Cette logique se retrouve dans la gestion de l’eau, de la forêt, de la santé ou de l’énergie. Des méga-bassines aux coupes rases dans les forêts publiques, des fermetures de maternités ou de services d’urgence jusqu’à la relance des EPR2, aux grands parcs éoliens ou photovoltaïques planifiés sans concertation, une même centralisation technocratique s’impose. Partout, la décision s’éloigne du terrain au nom de l’efficacité, transformant les milieux en simples ressources à gérer et retirant aux habitants la possibilité de participer aux choix qui engagent leur avenir commun.
L’enjeu est de sortir de l’alternative stérile entre économie et écologie, entre le pastoralisme et le loup, pour redéfinir le cadre du débat public à l’aune de l’habitabilité des territoires, en tenant ensemble culture, santé, eau, biodiversité et alimentation, afin que les campagnes redeviennent des espaces d’apprentissage et d’invention éco-politiques.
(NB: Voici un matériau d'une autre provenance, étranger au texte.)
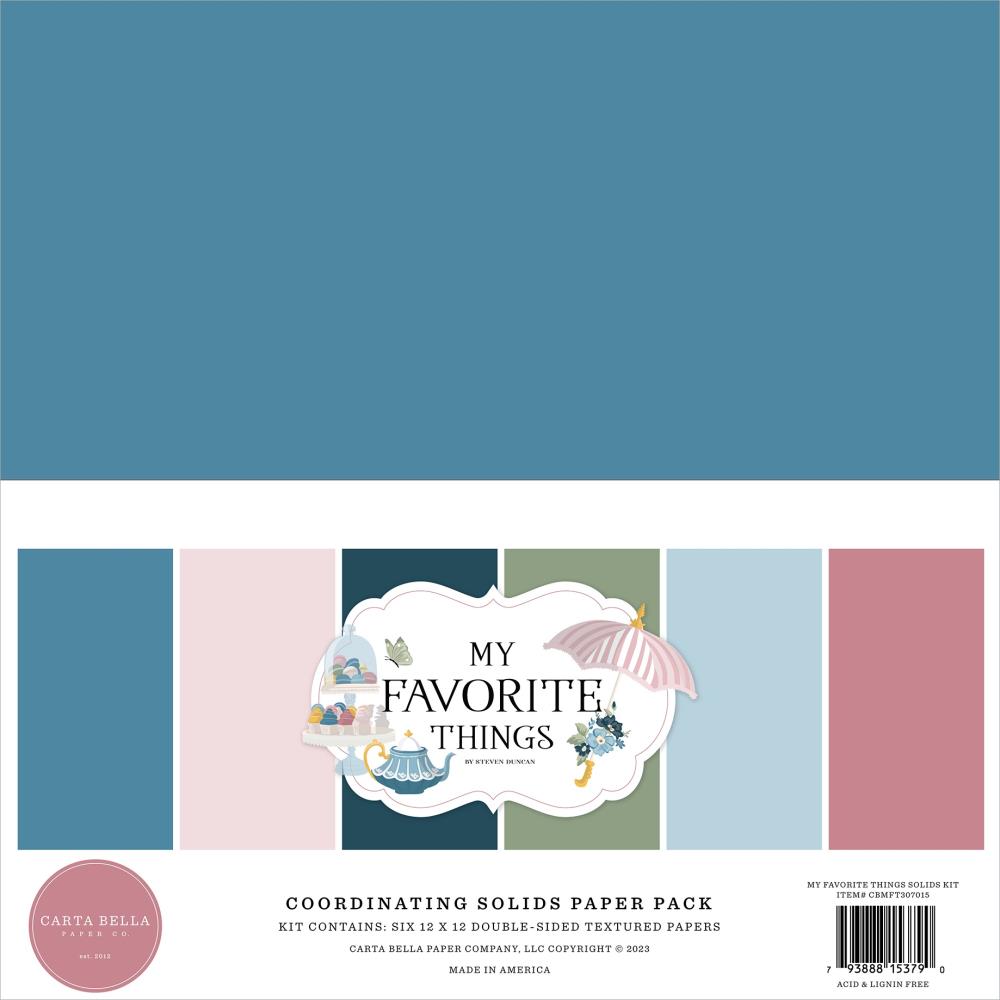 Carta Bella My Favorite Things 12"X12" Double-Sided Solid Cardstock, 6/Pkg (FT307015)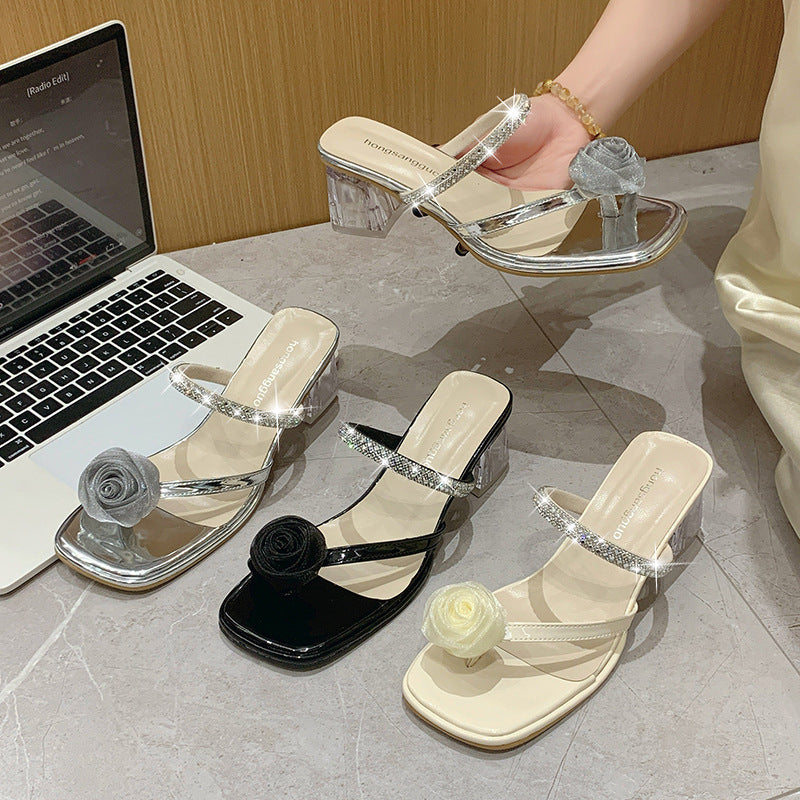 Dame Dekorative Åben Tå Blokhæle Sandaler med Floral Accent Stilla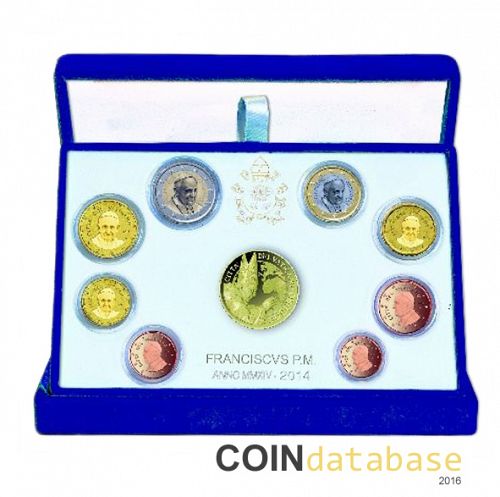 Set Obverse Image minted in VATICAN in 2014 (Annual Mint Sets PROOF + gold 50€)  - The Coin Database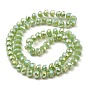 AB Color Plate Glass Beads Strands, Imitation Jade, Faceted Half Round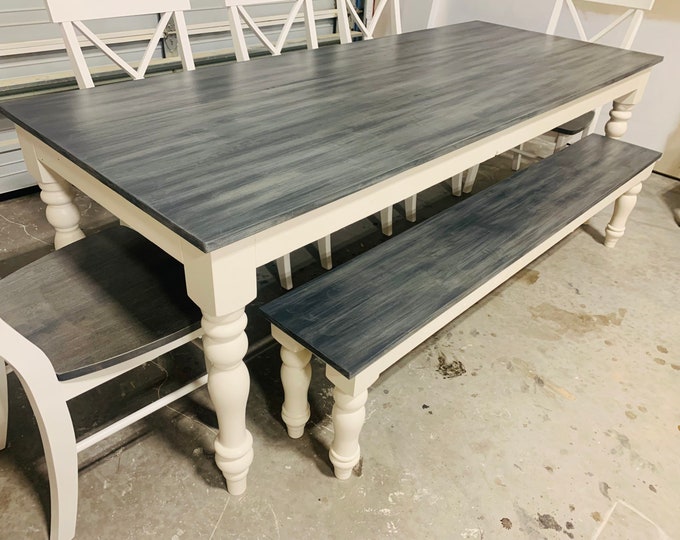 Rustic Turned Leg Farmhouse Table Set, Bench and Chairs with White Base Carbon Gray Whitewash Top, Nearly Seamless Top Dining Table Set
C’est pourquoi, en impliquant aux côtés des éleveurs non seulement les chasseurs et les forestiers, mais aussi les naturalistes, enseignants, acteurs culturels, artistes, soignants et habitants, nous défendons une écologie des pratiques démocratiques. Aux arbitrages dérogatoires des autorités préfectorales, opposons des jurisprudences citoyennes. Faisons émerger des micro-parlements pour une ruralité vivante, capables d’articuler savoirs vernaculaires et habitants avec les savoirs scientifiques, pour constituer un contre-pouvoir enraciné dans les milieux de vie, apte à redonner à la décision publique sa légitimité écologique et collective.